The new season is the opposite: giving us nonstop character development from start to finish. Some viewers may feel cheated by the change of pace, and I have to admit that I was caught off guard, too.

But if you must replace action with character development, it helps that these particular characters are some of the best on television. The slow moments are some really good slow moments. And while the decision to turn a rapid-fire action show into a tale of high drama is a bit perplexing, at least it is high drama.

My only particular concern lies with Dracula himself. He spends a lot of this season brooding and being moody—in a way that beautifully establishes his character, yes, but it does not jive with the way he is depicted in the Castlevania game franchise…or most other depictions of the character

Dracula is supposed to be a monster. Showing us his vulnerable side gives him depth, sure, but it also undermines his ability to intimidate. Dracula—and especially the Castlevania Dracula—should be grade-A final boss material. He should eventually go into his beast form and start breaking skulls before he’s finally done in.

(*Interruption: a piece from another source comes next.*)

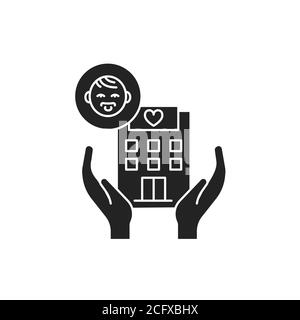 Icône de glyphe noir d'hospice pédiatrique. Les soins palliatifs aident les enfants. Pictogramme pour page Web, application mobile, Promo. Élément de conception UI UX GUI. Illustration de Vecteur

But all together, the show’s evolution lends it to greater prestige (and hopefully a few Emmy nods), and I am pleased with the final product.

My Judgment

Castevania, season 2 is an improvement in almost every way over the previous season.

The animation is smoother and richer, there are more references to the game franchise, the plot is thicker, and we are treated to a bevy of new characters and side stories that enrich the mythos as a whole.

That the bulk of the season was dedicated to Dracula’s quarreling hordes, with the heroic trio consigned to the background, was an unexpected outcome, but not unwelcome. As with lots of stories, the villains are naturally more interesting than the heroes, and focusing on their problems gave the show a joyous tension that made it highly watchable.

It’s still not a good fit for children, or even most teenagers. But on the whole, the show is a must watch, and one of Netflix’s best offerings.